[Short text fragments from websites]
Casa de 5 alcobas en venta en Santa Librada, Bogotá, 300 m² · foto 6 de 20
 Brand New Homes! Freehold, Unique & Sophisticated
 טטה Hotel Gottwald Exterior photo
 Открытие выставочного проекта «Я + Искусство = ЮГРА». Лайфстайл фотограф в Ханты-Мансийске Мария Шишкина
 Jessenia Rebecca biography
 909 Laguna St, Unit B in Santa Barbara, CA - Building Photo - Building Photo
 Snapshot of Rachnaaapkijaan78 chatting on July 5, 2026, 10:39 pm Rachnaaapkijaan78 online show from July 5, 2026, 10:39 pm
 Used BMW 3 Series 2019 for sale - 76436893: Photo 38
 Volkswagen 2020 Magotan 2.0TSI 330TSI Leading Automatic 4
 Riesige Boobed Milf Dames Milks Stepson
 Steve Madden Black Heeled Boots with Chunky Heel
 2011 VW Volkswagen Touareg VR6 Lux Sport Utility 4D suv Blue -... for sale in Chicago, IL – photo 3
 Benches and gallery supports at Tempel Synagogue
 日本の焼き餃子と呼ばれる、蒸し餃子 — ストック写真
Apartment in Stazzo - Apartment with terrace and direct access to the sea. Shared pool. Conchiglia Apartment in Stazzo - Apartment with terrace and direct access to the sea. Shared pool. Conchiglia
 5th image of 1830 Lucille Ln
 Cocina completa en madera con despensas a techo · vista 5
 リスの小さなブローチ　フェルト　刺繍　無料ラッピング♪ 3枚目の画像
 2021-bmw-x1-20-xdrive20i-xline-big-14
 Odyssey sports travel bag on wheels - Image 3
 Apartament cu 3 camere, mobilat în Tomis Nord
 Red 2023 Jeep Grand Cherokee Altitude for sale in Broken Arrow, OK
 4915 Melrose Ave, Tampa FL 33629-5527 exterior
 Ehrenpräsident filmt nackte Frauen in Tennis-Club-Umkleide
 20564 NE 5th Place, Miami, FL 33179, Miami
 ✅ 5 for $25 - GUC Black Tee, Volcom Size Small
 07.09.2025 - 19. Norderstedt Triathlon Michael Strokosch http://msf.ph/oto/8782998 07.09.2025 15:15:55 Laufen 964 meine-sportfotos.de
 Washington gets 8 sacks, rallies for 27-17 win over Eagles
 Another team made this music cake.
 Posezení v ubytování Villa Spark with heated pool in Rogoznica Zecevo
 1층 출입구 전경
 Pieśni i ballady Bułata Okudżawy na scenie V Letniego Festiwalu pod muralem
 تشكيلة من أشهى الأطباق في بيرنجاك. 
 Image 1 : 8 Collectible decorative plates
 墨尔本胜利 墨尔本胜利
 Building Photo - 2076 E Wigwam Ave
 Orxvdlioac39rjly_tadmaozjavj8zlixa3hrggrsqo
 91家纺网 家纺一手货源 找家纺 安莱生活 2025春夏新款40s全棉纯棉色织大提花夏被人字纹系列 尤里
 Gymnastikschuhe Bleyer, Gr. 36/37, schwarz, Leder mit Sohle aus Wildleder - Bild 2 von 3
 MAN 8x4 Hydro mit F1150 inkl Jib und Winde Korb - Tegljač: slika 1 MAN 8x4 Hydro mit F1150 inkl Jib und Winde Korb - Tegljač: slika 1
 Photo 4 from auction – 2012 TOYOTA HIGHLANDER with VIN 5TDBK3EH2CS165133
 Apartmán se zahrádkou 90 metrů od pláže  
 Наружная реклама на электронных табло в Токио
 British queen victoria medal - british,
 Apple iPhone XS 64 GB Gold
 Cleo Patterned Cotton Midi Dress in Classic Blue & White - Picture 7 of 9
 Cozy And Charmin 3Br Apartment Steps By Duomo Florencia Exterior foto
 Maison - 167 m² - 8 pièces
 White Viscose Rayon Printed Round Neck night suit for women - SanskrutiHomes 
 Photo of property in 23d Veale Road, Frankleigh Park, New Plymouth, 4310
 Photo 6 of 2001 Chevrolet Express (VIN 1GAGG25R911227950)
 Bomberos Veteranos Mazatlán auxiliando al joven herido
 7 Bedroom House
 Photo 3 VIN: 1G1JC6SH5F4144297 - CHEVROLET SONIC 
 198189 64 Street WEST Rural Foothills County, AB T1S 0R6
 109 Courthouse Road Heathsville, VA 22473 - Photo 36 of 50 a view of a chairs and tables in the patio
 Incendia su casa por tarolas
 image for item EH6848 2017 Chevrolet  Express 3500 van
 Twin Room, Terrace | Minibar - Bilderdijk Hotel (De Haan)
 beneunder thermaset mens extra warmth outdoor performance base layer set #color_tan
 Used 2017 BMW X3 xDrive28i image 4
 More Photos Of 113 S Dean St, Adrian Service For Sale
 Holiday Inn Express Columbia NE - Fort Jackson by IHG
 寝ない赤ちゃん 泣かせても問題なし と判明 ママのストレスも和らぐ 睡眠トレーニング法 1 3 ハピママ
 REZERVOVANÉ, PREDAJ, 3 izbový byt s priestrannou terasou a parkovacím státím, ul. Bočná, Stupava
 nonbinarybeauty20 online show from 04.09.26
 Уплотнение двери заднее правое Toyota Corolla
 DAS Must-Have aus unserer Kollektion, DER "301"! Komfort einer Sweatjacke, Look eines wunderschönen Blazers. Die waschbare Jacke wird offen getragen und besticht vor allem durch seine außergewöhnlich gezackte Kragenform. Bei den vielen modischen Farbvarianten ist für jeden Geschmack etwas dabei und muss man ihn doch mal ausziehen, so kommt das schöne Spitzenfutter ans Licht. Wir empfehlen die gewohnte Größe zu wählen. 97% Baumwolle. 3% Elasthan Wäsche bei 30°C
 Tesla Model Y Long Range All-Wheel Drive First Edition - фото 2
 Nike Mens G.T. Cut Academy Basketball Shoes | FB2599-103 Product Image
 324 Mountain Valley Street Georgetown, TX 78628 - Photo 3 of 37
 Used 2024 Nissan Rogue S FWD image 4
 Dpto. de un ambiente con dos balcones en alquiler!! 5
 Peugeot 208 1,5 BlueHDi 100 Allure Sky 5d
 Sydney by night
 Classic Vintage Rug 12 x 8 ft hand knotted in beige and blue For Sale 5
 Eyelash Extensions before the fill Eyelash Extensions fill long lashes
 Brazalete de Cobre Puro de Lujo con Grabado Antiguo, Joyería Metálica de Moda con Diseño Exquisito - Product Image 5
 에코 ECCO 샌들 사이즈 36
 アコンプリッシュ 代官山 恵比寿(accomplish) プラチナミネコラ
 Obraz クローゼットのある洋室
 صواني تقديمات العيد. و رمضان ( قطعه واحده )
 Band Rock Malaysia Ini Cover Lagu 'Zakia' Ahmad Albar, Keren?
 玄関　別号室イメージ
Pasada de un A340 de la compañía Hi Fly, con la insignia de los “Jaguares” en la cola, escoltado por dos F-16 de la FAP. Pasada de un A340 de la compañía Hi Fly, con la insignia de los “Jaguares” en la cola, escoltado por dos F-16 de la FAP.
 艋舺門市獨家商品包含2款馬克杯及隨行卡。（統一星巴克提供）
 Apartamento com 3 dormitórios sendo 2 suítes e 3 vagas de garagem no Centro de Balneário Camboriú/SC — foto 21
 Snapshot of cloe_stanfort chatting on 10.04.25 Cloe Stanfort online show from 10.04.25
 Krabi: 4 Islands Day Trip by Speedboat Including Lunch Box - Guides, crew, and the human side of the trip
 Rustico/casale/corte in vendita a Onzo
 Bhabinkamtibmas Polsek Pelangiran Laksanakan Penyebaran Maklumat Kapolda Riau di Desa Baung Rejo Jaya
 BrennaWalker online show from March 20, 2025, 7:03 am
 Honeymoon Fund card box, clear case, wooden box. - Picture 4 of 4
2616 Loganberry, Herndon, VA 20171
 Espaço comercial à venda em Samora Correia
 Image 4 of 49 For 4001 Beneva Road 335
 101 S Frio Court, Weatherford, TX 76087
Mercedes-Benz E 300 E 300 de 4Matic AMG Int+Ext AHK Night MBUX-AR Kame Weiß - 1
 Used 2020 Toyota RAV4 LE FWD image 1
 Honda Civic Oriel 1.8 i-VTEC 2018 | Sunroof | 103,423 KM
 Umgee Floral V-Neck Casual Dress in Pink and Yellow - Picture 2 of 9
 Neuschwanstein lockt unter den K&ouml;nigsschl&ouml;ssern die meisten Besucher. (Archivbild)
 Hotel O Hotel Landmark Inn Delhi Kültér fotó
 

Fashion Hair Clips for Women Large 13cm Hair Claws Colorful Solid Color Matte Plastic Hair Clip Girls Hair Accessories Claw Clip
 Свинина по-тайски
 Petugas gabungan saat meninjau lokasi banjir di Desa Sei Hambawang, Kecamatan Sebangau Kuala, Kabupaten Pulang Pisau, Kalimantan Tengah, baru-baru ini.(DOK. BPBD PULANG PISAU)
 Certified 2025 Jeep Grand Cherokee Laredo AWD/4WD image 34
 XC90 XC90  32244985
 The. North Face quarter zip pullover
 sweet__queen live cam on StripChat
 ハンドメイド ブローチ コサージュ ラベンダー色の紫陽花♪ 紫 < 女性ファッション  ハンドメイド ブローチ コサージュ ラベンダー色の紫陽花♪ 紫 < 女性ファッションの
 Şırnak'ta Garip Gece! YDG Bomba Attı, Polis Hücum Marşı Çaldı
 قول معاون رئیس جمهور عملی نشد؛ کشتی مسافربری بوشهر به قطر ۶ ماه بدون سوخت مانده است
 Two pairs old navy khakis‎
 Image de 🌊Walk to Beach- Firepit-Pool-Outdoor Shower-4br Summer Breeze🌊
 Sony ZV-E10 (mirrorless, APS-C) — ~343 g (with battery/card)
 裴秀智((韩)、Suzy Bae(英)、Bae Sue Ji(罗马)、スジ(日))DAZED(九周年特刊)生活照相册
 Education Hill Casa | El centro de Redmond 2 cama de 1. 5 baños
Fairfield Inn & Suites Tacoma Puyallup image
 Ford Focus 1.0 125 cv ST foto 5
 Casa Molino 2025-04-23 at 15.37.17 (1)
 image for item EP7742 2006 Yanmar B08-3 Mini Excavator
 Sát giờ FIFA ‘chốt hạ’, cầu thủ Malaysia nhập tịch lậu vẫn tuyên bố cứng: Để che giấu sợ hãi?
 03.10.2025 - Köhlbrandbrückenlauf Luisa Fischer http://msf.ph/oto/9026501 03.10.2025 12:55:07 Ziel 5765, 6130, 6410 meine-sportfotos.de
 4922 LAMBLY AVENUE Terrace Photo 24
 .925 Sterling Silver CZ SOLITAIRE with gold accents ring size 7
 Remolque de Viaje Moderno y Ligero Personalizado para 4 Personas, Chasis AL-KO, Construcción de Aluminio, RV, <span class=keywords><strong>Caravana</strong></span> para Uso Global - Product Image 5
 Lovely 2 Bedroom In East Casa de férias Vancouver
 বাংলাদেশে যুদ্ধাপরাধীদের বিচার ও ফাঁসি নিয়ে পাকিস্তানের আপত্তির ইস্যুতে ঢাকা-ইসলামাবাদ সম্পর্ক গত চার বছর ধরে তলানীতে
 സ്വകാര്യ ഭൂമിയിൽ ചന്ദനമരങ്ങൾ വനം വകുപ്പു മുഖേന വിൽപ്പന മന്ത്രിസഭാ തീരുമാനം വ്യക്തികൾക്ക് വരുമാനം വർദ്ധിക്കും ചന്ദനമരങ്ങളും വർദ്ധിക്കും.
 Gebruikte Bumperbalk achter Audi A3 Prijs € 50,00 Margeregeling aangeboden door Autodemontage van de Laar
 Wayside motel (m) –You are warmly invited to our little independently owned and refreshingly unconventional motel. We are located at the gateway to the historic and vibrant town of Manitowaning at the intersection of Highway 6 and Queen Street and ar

Brief:
Every line above that has the string "Grand" needs to be copied.

Output of the task:
 Red 2023 Jeep Grand Cherokee Altitude for sale in Broken Arrow, OK
 Certified 2025 Jeep Grand Cherokee Laredo AWD/4WD image 34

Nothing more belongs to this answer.